TASK: Only the lines from the one with "YASKAWA CIMR-J7AAB0P7" through the end of the material are wanted, copied exactly and with the pictures left out.

PROVIDED RECORDS:
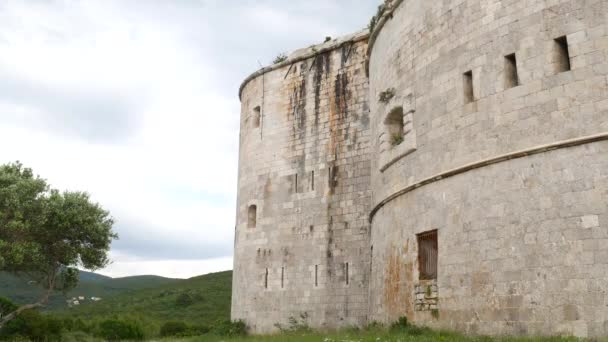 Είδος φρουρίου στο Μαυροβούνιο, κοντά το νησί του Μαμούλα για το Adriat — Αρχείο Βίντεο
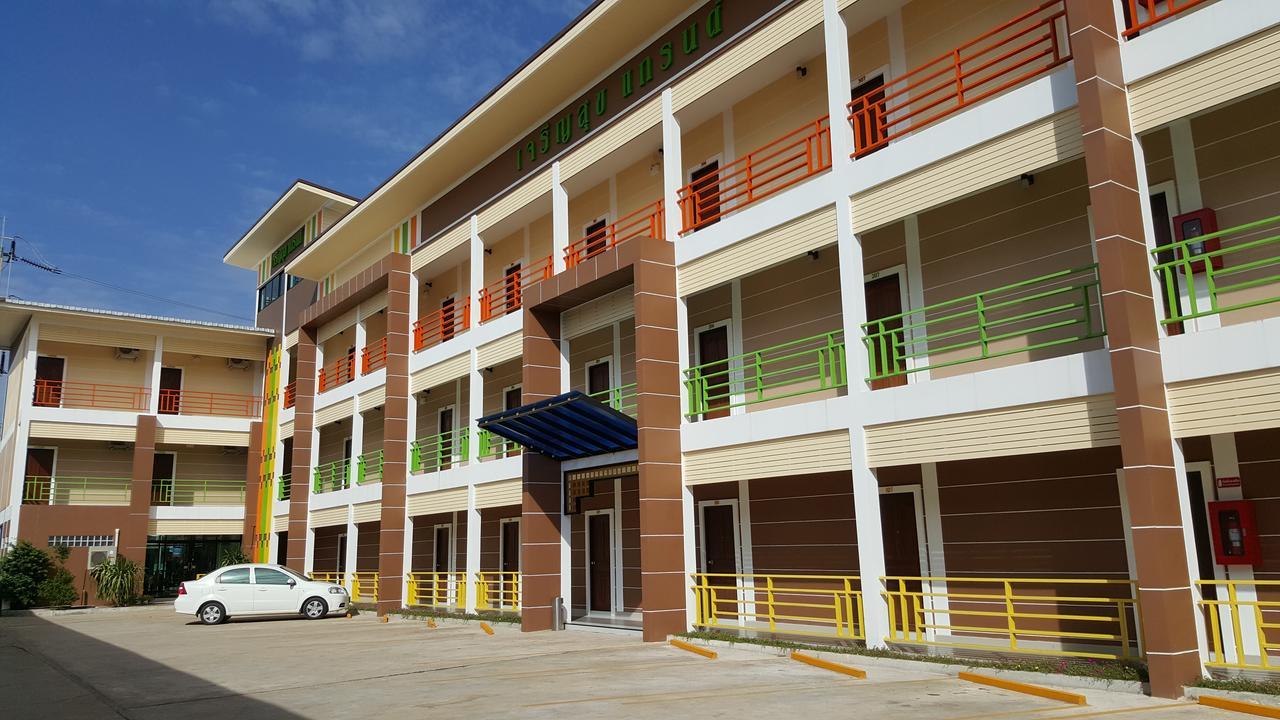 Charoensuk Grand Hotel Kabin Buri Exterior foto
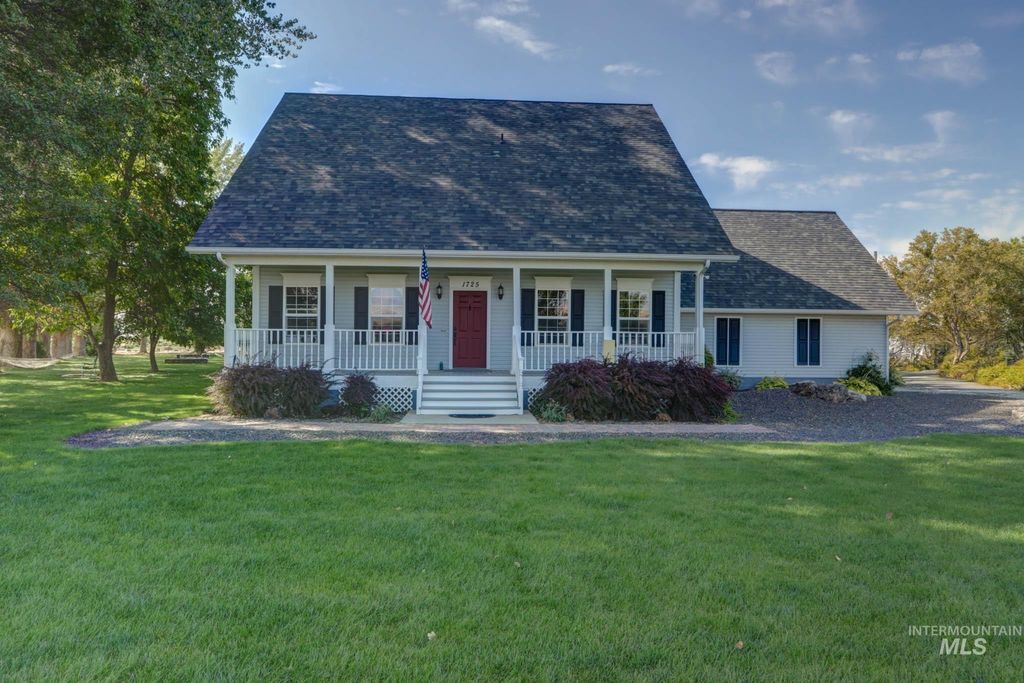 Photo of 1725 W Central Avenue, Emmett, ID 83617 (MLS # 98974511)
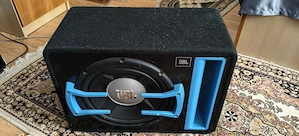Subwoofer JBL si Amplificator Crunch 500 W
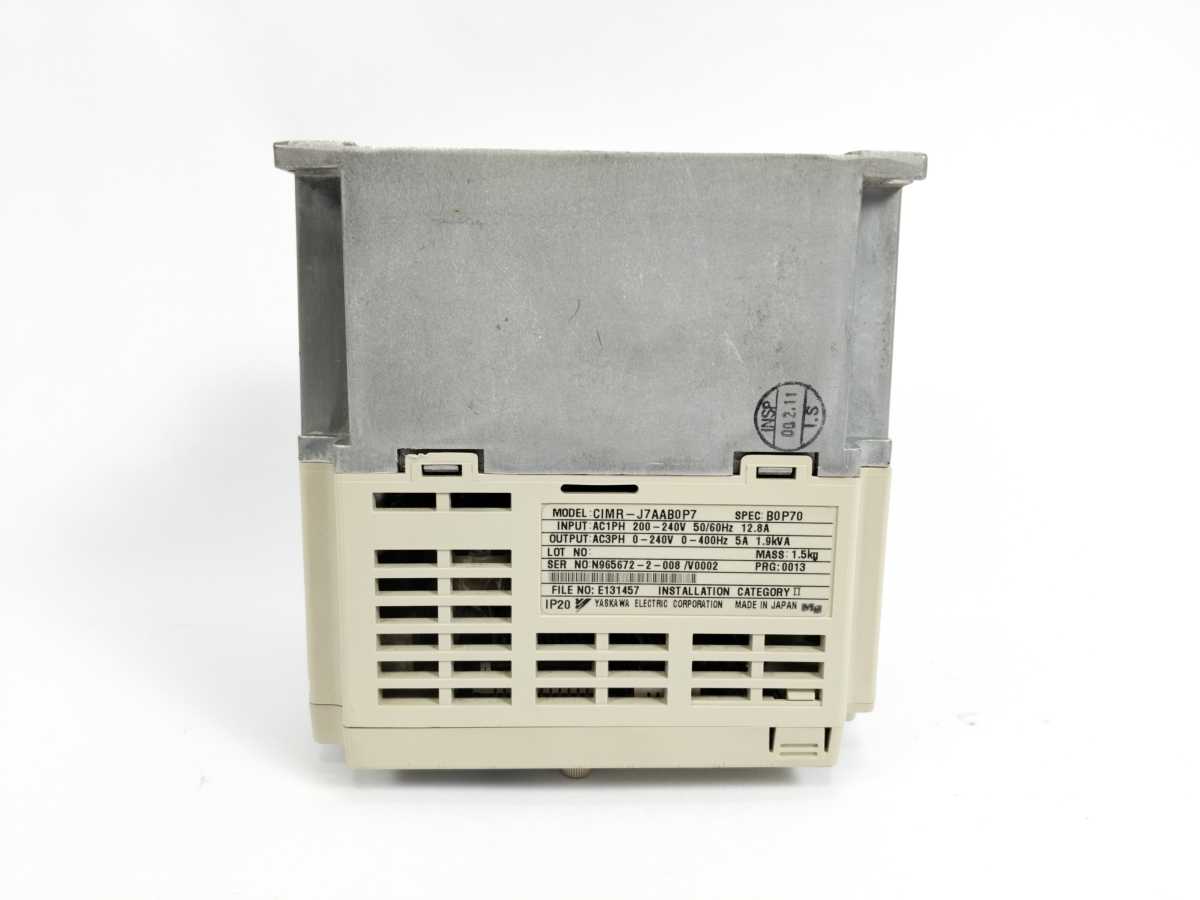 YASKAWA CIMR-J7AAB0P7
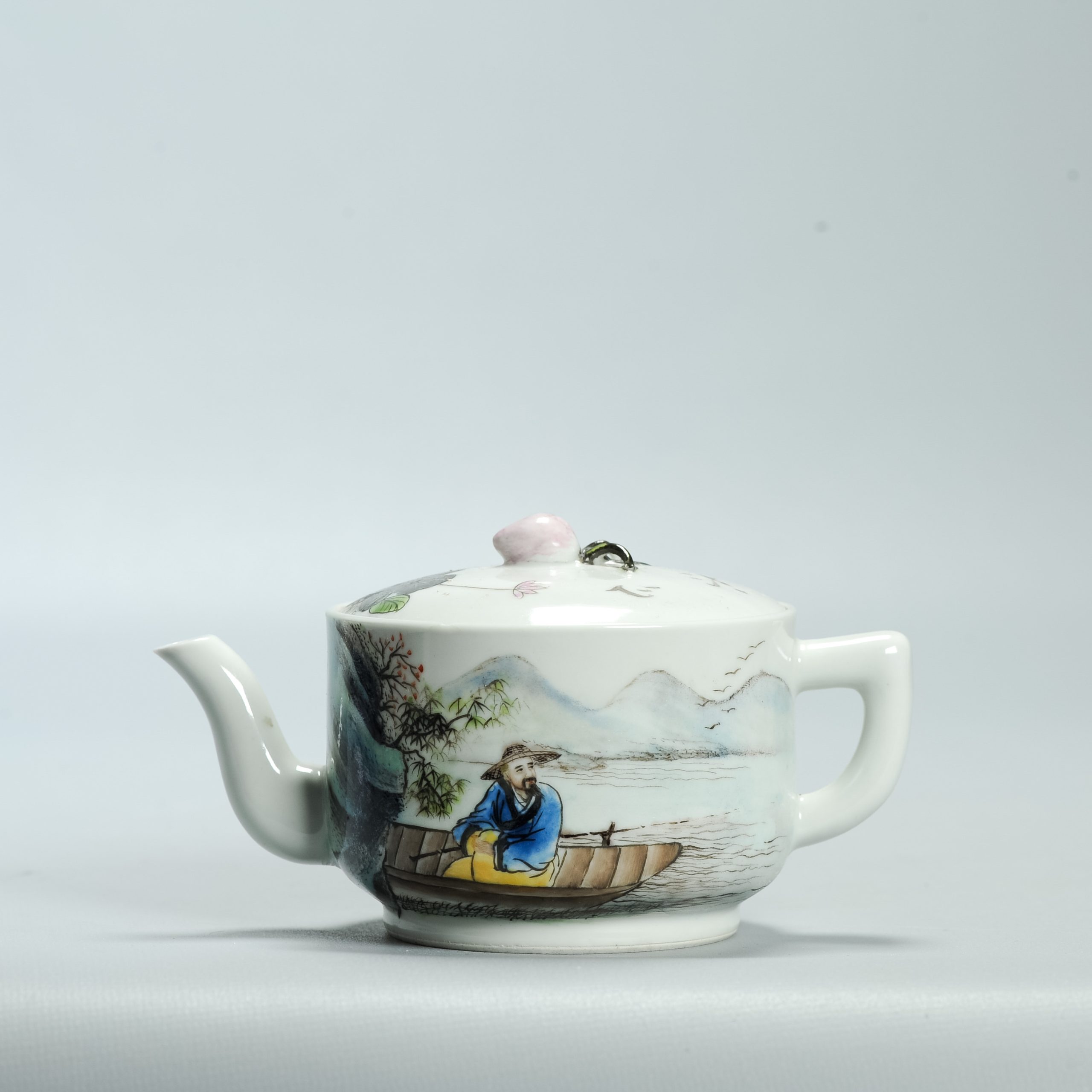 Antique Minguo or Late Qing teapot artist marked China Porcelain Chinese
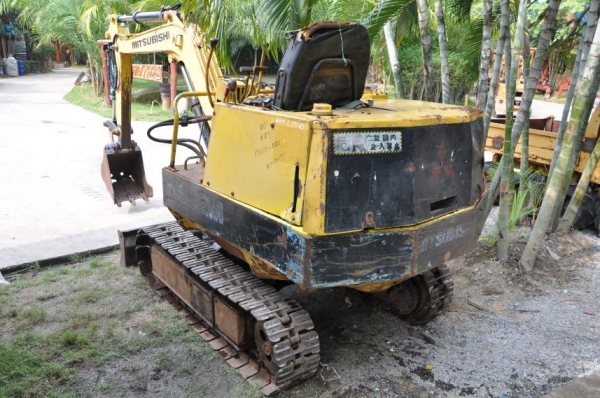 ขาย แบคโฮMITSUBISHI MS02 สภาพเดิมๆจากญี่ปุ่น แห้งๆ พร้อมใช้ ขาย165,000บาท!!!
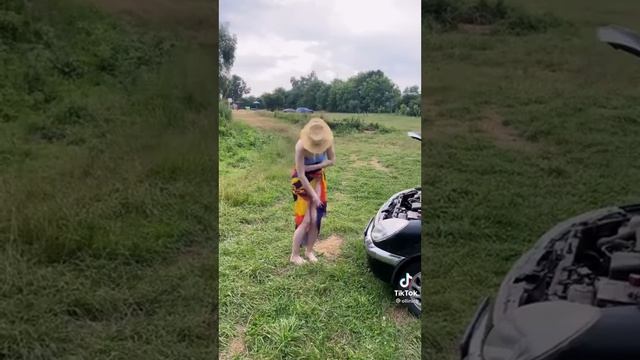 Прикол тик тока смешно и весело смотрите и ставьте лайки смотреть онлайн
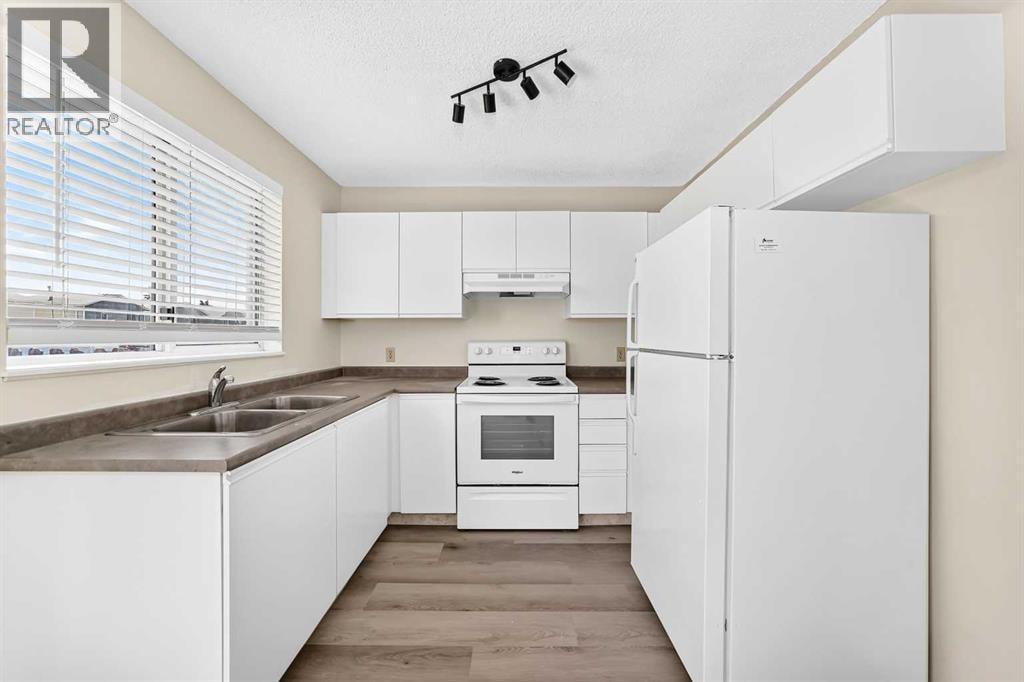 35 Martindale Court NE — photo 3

COMPLETED TASK:
 YASKAWA CIMR-J7AAB0P7
 Antique Minguo or Late Qing teapot artist marked China Porcelain Chinese
 ขาย แบคโฮMITSUBISHI MS02 สภาพเดิมๆจากญี่ปุ่น แห้งๆ พร้อมใช้ ขาย165,000บาท!!!
 Прикол тик тока смешно и весело смотрите и ставьте лайки смотреть онлайн
 35 Martindale Court NE — photo 3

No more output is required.